[Collected data entries]
###
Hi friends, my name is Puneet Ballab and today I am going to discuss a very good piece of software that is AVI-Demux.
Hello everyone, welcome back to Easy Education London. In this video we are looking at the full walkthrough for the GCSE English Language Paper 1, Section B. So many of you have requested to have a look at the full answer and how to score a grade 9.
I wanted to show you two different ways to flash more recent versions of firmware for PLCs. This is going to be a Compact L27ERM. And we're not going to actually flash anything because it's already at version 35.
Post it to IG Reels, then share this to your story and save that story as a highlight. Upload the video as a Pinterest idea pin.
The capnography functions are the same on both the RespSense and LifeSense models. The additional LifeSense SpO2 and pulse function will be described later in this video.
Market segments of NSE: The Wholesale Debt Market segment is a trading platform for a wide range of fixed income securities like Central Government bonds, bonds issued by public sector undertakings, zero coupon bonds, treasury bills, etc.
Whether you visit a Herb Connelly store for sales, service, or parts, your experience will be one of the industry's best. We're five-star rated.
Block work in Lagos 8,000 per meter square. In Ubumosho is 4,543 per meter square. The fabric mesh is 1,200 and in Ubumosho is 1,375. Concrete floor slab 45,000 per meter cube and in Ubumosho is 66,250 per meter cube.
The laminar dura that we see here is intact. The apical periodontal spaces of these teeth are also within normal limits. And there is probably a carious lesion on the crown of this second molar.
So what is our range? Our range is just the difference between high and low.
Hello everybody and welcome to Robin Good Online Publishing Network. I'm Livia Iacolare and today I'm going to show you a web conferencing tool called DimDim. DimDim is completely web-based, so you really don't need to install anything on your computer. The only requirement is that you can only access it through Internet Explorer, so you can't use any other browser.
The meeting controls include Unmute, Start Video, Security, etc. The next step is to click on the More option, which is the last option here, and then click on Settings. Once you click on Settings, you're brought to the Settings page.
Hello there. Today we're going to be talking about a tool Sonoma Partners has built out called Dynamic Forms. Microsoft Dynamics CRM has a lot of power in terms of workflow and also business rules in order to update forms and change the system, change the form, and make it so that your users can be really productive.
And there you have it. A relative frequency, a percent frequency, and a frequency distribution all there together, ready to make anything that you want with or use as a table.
###
What is required:
Return every line above in which the string "your" occurs.

Answer for this exercise:
Post it to IG Reels, then share this to your story and save that story as a highlight. Upload the video as a Pinterest idea pin.
Whether you visit a Herb Connelly store for sales, service, or parts, your experience will be one of the industry's best. We're five-star rated.
Hello everybody and welcome to Robin Good Online Publishing Network. I'm Livia Iacolare and today I'm going to show you a web conferencing tool called DimDim. DimDim is completely web-based, so you really don't need to install anything on your computer. The only requirement is that you can only access it through Internet Explorer, so you can't use any other browser.
Hello there. Today we're going to be talking about a tool Sonoma Partners has built out called Dynamic Forms. Microsoft Dynamics CRM has a lot of power in terms of workflow and also business rules in order to update forms and change the system, change the form, and make it so that your users can be really productive.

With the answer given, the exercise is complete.